Дождь усилился. Микоян увидел, как шофер вытащил из кармана пачку папирос и положил рядом с собой: хотел курить. Когда машина въедет в Кремль, народный комиссар выйдет и пошагает в кабинет Сталина, а его шофер с наслаждением закурит – ни в коем случае не в машине, чтобы табачный запах не раздражал товарища Микояна. Товарищ Микоян не курил; раньше баловался, потом бросил, жена настояла. Но зачем он бережет здоровье, если в любой момент может проследовать по первой категории? Место, время расстрела, где могила – все останется в тайне.
– Угостите папиросой, – попросил он шофера.
Тот состроил гримасу сожаления:
– Извините, Анастас Иванович, не могу. Ашхен Лазаревна просила, чтоб я вам табака не давал. Вам вредно.
– Хорошо, – сказал Микоян. – Раз так, тогда не надо.
Машина въехала в Кремль. Шофер выскочил первым, распахнул дверь машины, раскрыл над головой Микояна зонт. Анастас Микоян вошел в кабинет Сталина 15 сентября 1937 года около 19.00.

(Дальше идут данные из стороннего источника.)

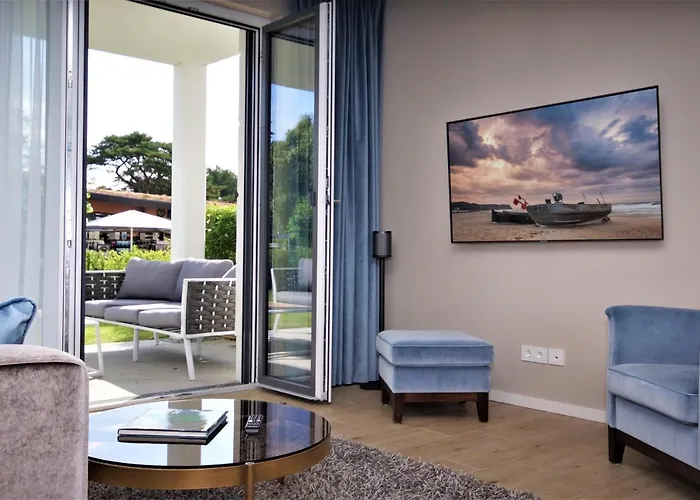 Ferienwohnung Enzian in der Villa Düne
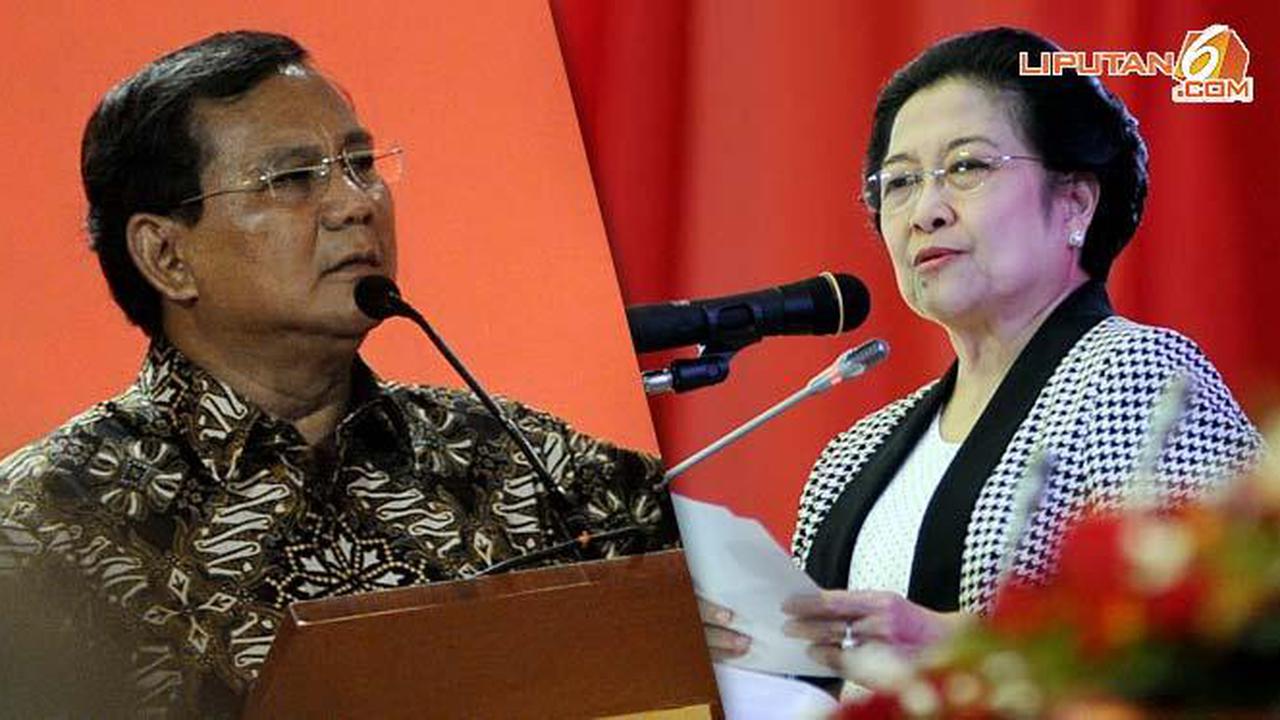 Ini Isi Dokumen Perjanjian Batu Tulis Mega-Prabowo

В начале века, когда Микоян только начинал свою революционную деятельность, его доверие к Сталину было велико. Микоян, считая себя большевиком-ленинцем, горячо поддерживал Сталина во всех внутрипартийных конфликтах, ведь и Сталин заявлял о полной приверженности ленинскому курсу. Микоян был обязан Сталину своим стремительным политическим и административным возвышением и видел, что Сталин ценит его и считает младшим товарищем. Вся политическая верхушка СССР отлично понимала, что Микоян, как и Орджоникидзе, – человек Сталина; разумеется, понимал это и сам Микоян. В те времена у него не было никаких оснований не доверять Сталину. Враги Сталина становились и врагами Микояна. А врагов объективно было достаточно. И дело не только в Троцком, высланном из Советской России.